• DATA SUPPLIED:
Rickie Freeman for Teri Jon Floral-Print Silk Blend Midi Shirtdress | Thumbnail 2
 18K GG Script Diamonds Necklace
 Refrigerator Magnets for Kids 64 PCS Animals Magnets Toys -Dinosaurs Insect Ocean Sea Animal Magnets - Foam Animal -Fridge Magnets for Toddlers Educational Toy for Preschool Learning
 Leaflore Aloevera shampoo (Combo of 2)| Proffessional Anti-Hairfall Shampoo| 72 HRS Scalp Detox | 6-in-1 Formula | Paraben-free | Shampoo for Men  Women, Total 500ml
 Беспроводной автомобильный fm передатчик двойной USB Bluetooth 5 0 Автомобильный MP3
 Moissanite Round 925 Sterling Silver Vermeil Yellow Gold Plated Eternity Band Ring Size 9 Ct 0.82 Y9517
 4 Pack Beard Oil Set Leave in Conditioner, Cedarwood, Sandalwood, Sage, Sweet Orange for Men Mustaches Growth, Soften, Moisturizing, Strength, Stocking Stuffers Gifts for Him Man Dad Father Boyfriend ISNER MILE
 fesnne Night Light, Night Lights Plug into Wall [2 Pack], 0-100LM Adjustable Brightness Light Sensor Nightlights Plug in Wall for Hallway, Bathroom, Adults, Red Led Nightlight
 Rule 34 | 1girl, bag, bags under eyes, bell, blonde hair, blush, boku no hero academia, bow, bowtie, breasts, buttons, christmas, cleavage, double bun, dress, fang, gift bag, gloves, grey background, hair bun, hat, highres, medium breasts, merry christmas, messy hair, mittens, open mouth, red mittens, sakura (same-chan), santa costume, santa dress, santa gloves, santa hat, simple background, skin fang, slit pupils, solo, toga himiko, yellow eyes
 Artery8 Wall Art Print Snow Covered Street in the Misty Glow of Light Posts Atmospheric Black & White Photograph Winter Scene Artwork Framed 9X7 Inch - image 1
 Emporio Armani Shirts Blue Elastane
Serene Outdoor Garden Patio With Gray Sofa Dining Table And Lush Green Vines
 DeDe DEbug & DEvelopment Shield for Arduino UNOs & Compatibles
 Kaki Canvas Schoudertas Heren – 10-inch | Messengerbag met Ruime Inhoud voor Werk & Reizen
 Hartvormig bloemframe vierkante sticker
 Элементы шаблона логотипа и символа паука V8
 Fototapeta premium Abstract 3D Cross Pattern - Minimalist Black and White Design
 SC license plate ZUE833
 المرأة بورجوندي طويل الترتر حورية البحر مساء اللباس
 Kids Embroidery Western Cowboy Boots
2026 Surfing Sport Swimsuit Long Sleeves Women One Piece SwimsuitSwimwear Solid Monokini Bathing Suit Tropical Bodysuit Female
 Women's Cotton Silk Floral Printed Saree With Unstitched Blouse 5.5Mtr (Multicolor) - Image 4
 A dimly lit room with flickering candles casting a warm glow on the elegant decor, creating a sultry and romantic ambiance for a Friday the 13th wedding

• WORK TO BE COMPLETED:
With the line that has "Emporio Armani Shirts Blue Elastane" as the first and the line that has "Kaki Canvas Schoudertas" as the last, repeat exactly that run of lines above and no more.

• WRITTEN REPLY:
 Emporio Armani Shirts Blue Elastane
Serene Outdoor Garden Patio With Gray Sofa Dining Table And Lush Green Vines
 DeDe DEbug & DEvelopment Shield for Arduino UNOs & Compatibles
 Kaki Canvas Schoudertas Heren – 10-inch | Messengerbag met Ruime Inhoud voor Werk & Reizen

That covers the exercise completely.